This project implement an easy deployable face recognition pipeline with mxnet c++ framework.There are some awesome projects aim to train and design face recognition pipeline with python(like insightface), this project show how to deploy the pre-trained model to real production environment with mxnet c++. Compare with original python version, our implement has some optimization and speed improvement around 1/3.
MXNet and OpenCV library. In this project we use MXNet 1.3.0/1.4.0 and OpenCV 4. It will be also ok for other version, you can compiled with MKL-DNN, MKL or OpenBLAS to make MXNet calcuation faster.
Build with VS2015 or higher version, add compiled opencv and mxnet lib to dependency lib and add opencv and mxnet include files.
Build with cmake.
1.Create new directory with "mkdir build && cd build", also add your compiled mxnet and dependency lib under lib.
2.Build with "cmake -D LINUX=ON .."
3.Compile repo with make -j"$(nproc)"
4.Run ./mxnet-insightface-cpp.
Extract features with images in "images" folder, and also will generate labels(in main function):
std::string path = "D:\\cpp\\mxnet_cpp\\mxnet_cpp\\image"; //according to your label images path;
test_make_label(path); //make labels with split image name(e.g. penny.jpg -> penny)

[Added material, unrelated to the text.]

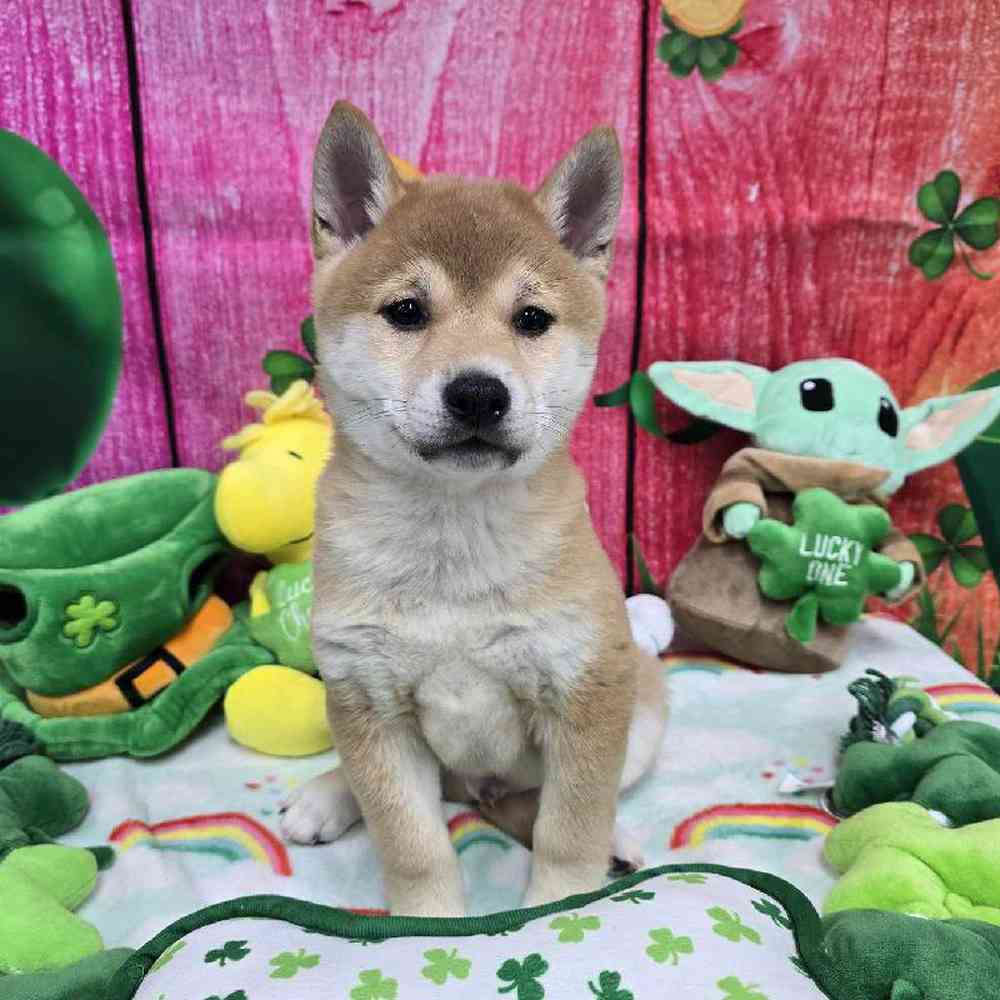 Male Shiba Inu Puppy for Sale in Virginia Beach, VA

Extract feature from camera image and compare distance with labeled features:
test_camera(); // do recognition task with usb camrea
You can see detail recognition pipeline in feature_extract.hpp recognition function
This project implement face recognition pipeline with mxnet c++, and currently mainly optimize on CPU. The whole framework contains:
We use the original version mtcnn to detect face(there are many re-design mtcnn model to make it faster with litttle accuracy lost, will be not mentioned here). MTCNN is a cascade network with PNet, RNet and ONet. The first stage will sample with image pyramid.
1.Assume that most task get images from camera so the input size is fiexed, thus the number of scales and scale size for every image is also fixed, we can initiate number=scales predict handler to avoid frequently resize or reload operation which will cause much time overhead.

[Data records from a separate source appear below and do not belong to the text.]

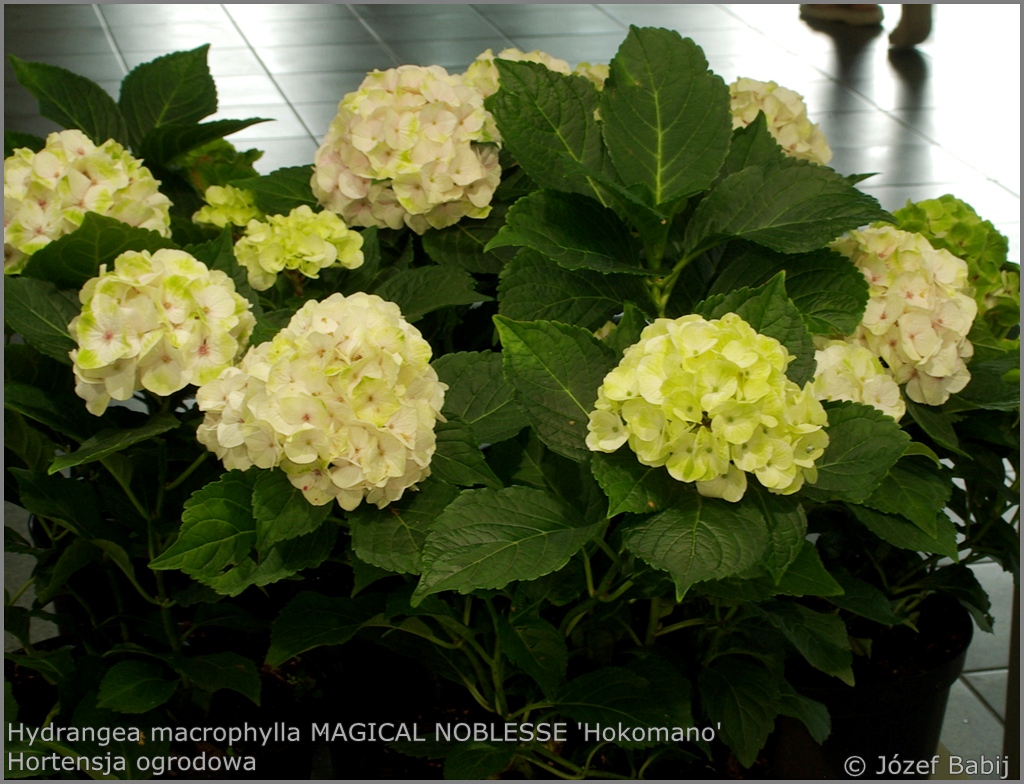Hydrangea macrophylla MAGICAL NOBLESSE 'Hokomano' - Hortensja ogrodowa MAGICAL NOBLESSE 'Hokomano'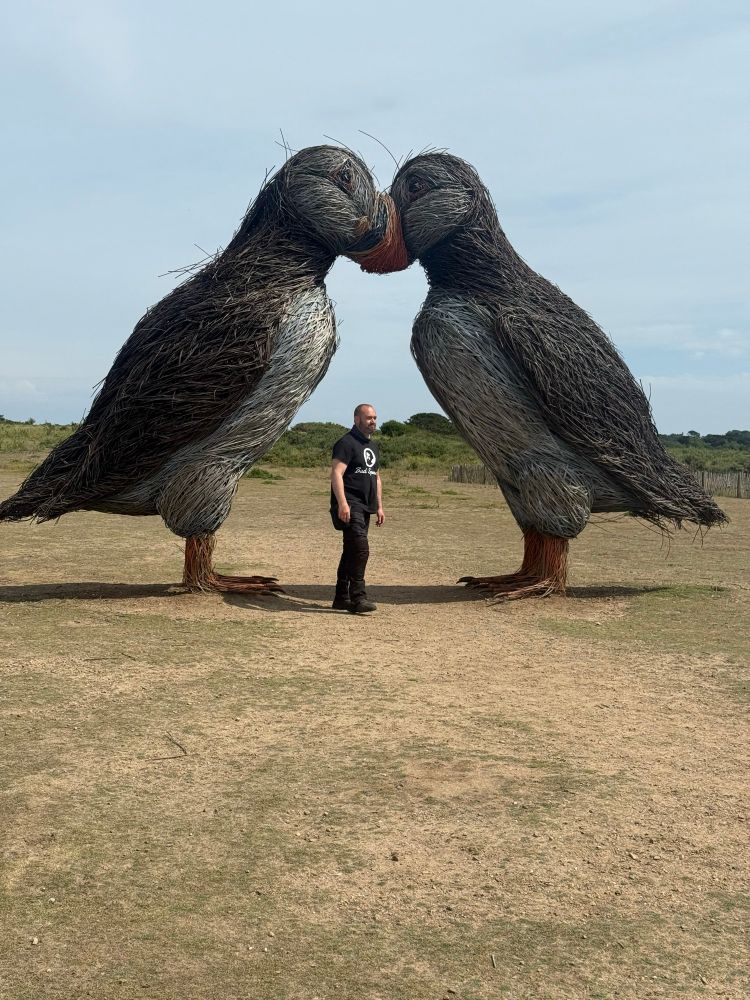 Zwei Puffins als große Skulpturen auf der Kanalinsel Jersey. Dazwischen ein Mann.  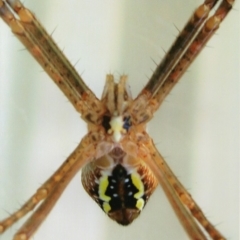 Argiope keyserlingi at Kiah, NSW - 12 Jan 2017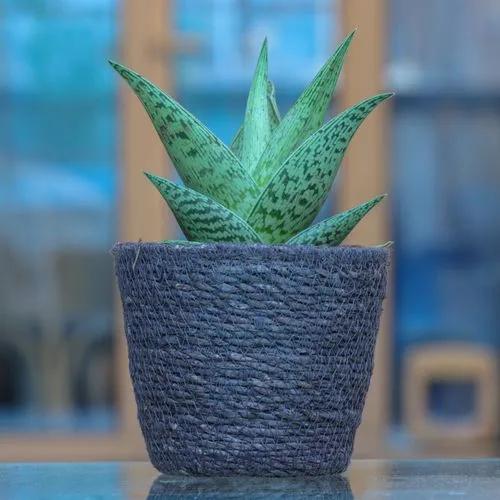 Partridge Breast Aloe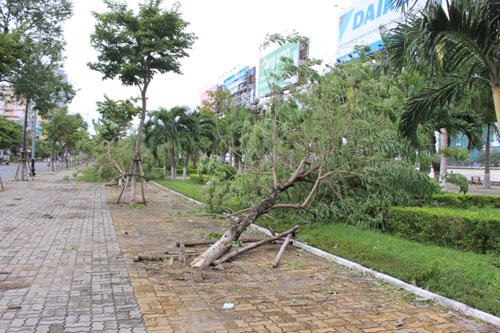 Không hứng bão, hàng loạt cây xanh ở Đà Nẵng vẫn đổ gục - 1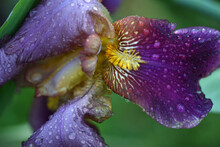 Purple Bearded Iris Flower Close Up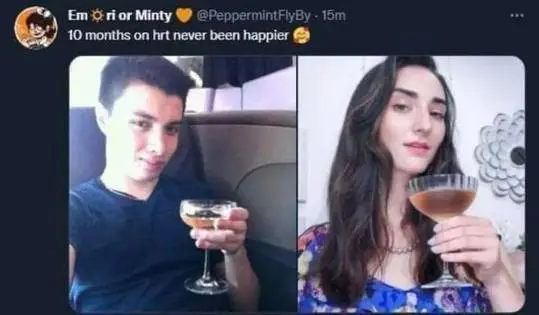 A trans girl with dark hair and pale skin showing a 10-month HRT transformation from a dark t-shirt to a floral dress.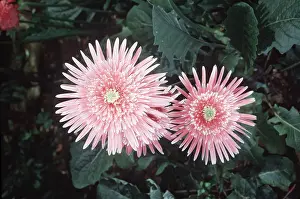 Jamesonii: GERBERA JAMESONII - flower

2.The created predict handler for different scales can be easily implement with multi-thread to make speed up.
The alignment algorithm check out from:face alignment with similarity transformation. It will transform detect image to norm face based on 5 average points. Detail algorithm please see paper "Least-squares estimation of transformation parameters between two point patterns", Shinji Umeyama, PAMI 1991, DOI: 10.1109/34.88573.

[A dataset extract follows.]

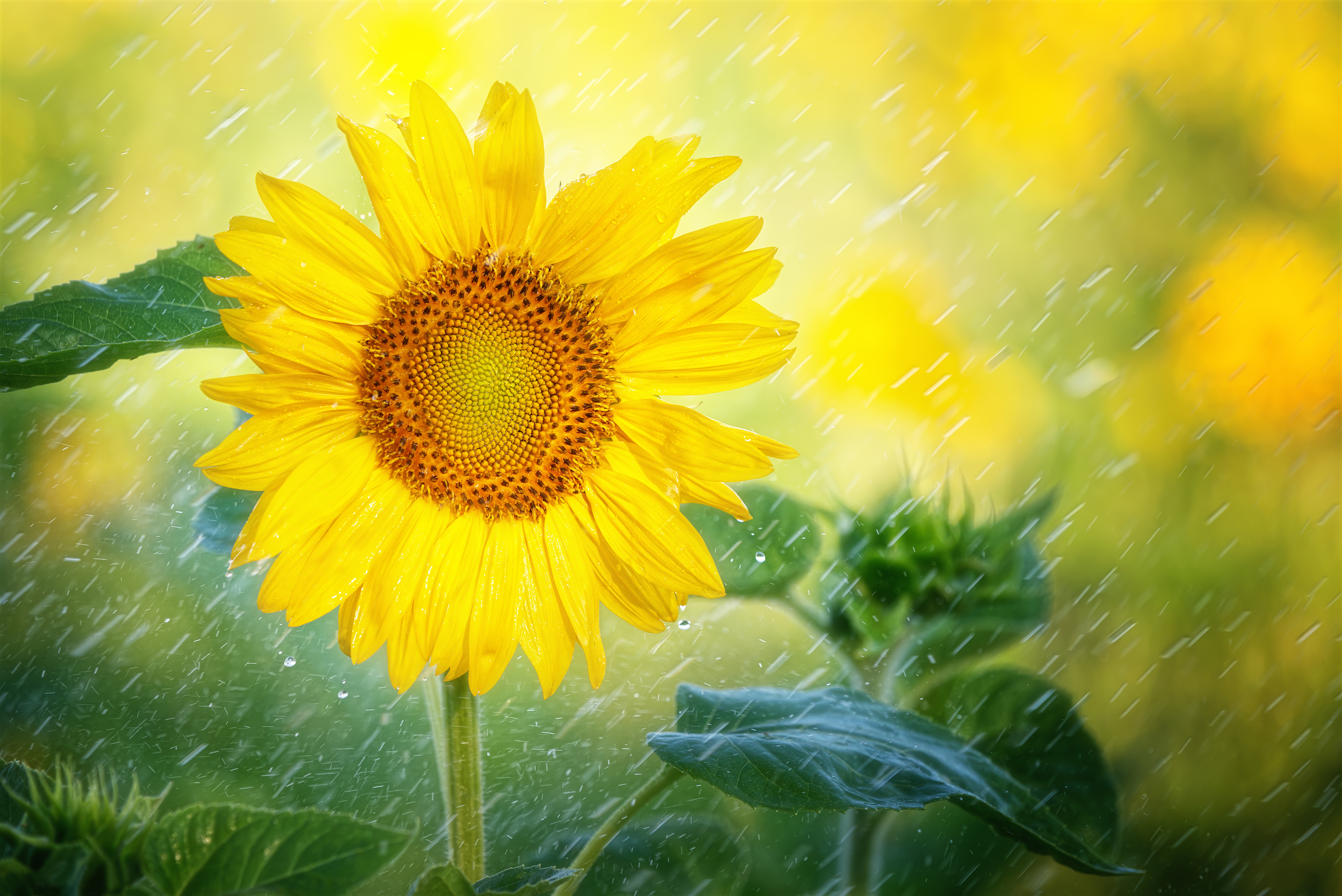 Download mobile wallpaper Flowers, Earth, Sunflower, Yellow Flower for free.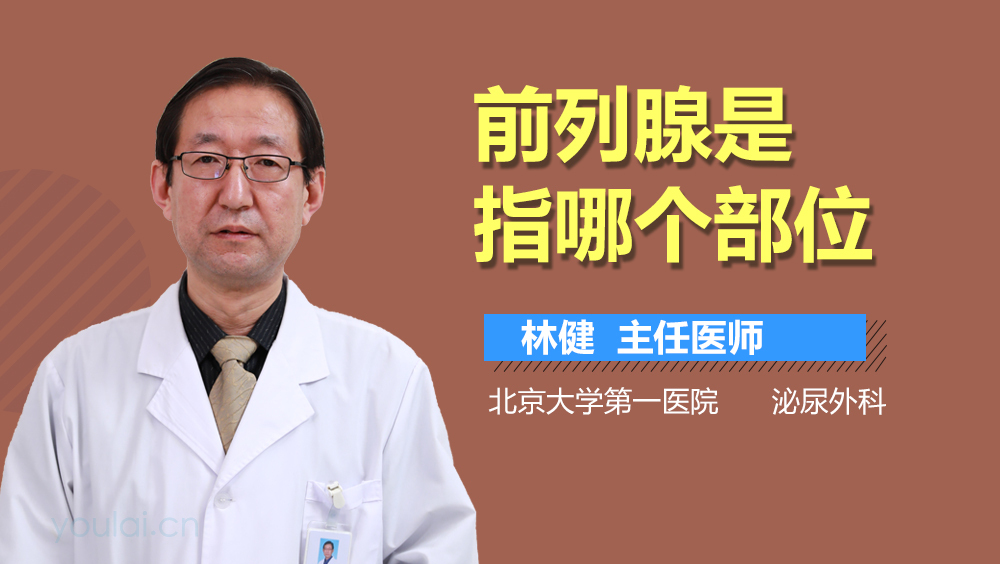 前列腺是指哪个部位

Feature extraction phase utilizes deep network to extract features from aligned image, and then calculate the euclidean distance or cosine distance with labeled features. You can set threshold to do face verify, recognition or other task. In this project we show the efficient mobileface network to do face recognition with camera(you can change the camera io base on your device, we just set "0" in codes).
Optimization for different batch to feed RNet, ONet and feature extract network. Batch of input number of images will save time than loop. For example the input number x channels x width x height will get speed up than 1 x channels x width x height with loop.